Background information
- Born: June 30, 1990 (age 36) New York City, U.S.
- Origin: Greenwich, Connecticut, U.S.
- Genres: Country
- Occupations: Singer; songwriter;
- Instruments: Vocals; guitar; piano; banjo; dobro; harmonica; sitar;
- Years active: 2010–present
- Labels: Nashville Harbor; True to the Song; Mailboat Records;
- Member of: Zac Brown Band
- Website: www.carolinejones.com

= Caroline Jones =

American singer-songwriter (born 1990)

Caroline Jones (born June 30, 1990) is an American country music singer, songwriter, multi-instrumentalist, and radio host. Jones has released a number of albums, the most successful one being Bare Feet released in 2018. She became an official member of the Zac Brown Band in 2022.

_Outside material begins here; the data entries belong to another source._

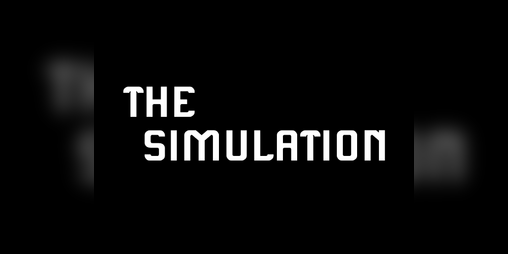Cover image for The simulation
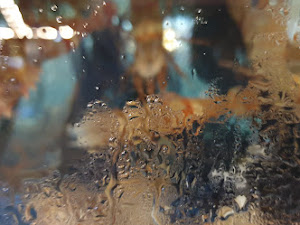 바라던바다 대게&새우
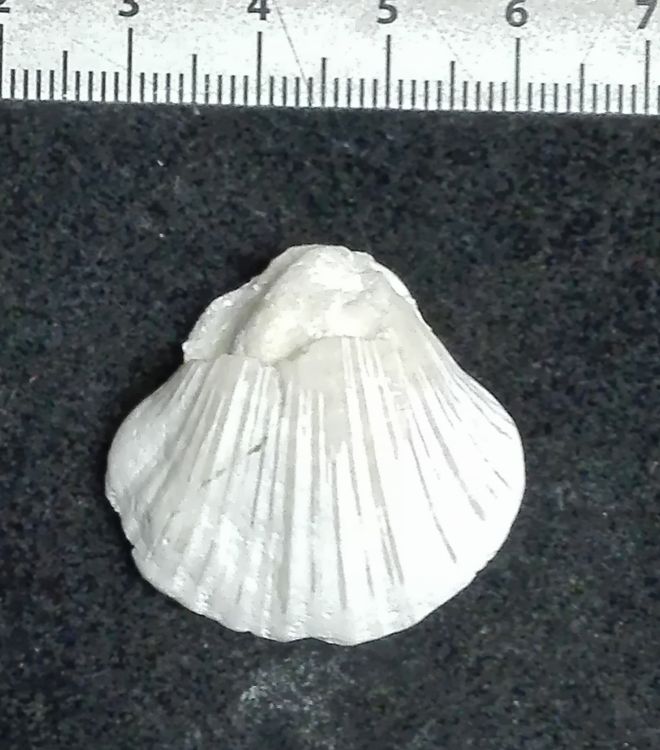 fossile (Mollusco bivalve, esemplare)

==Early life and education==
Caroline Jones was born in New York City to Sonia and Paul Tudor Jones, and raised in Greenwich, Connecticut. She attended the Professional Children's School in New York City and later New York University where she studied creative writing. She took singing lessons when she was nine, and wrote her first song when she was ten. She learned to sing opera and jazz under Andy Anselmo, and she also learned how to play various instruments including piano, guitar, banjo, mandolin, harmonica, and Dobro. She was for some time more interested in pop, rock and R&B music until she visited Nashville when she was 16 or 17, and switched her interest to country music.

==Career==

In 2010, Jones launched The Heart is Smart initiative, which included performing in schools and colleges and providing music workshop for students. She also wrote and produced her debut album herself in New York City and Nashville in 2010, playing multiple instruments on the album. In January 2011, Jones self-released the album, Fallen Flower. She quickly followed with three albums the following year.
In 2013, Jones became the host of Art & Soul, a radio show on SiriusXM's Coffee House interviewing musicians on their music and songwriting.

In 2017, she opened for Zac Brown Band and in 2018 for Jimmy Buffett. Through Buffett, she became signed to his Mailboat Records, and she also collaborated with Buffett on a song.

Jones was listed as one of the 10 need-to-know new country artists by Rolling Stone in 2017, and one of 15 country artists to watch by Billboard in 2018.
Jones released Bare Feet in March 2018. Jones wrote all the songs in the album, which was produced by Ric Wake. In 2019, she was listed among the 40 Under 40 List put out by Connecticut Magazine.

Jones' single, "Chasin' Me", entered the Mediabase country chart at number 50 for the week ending June 1, 2019.

In 2021, she released the album Antipodes.
In 2022, she joined Zac Brown Band as a member of the band. She had previously opened for the band on a number of tours since 2017, as well as appearing as a guest performer in other tours. In October 2023, she released her third major solo album, Homesite.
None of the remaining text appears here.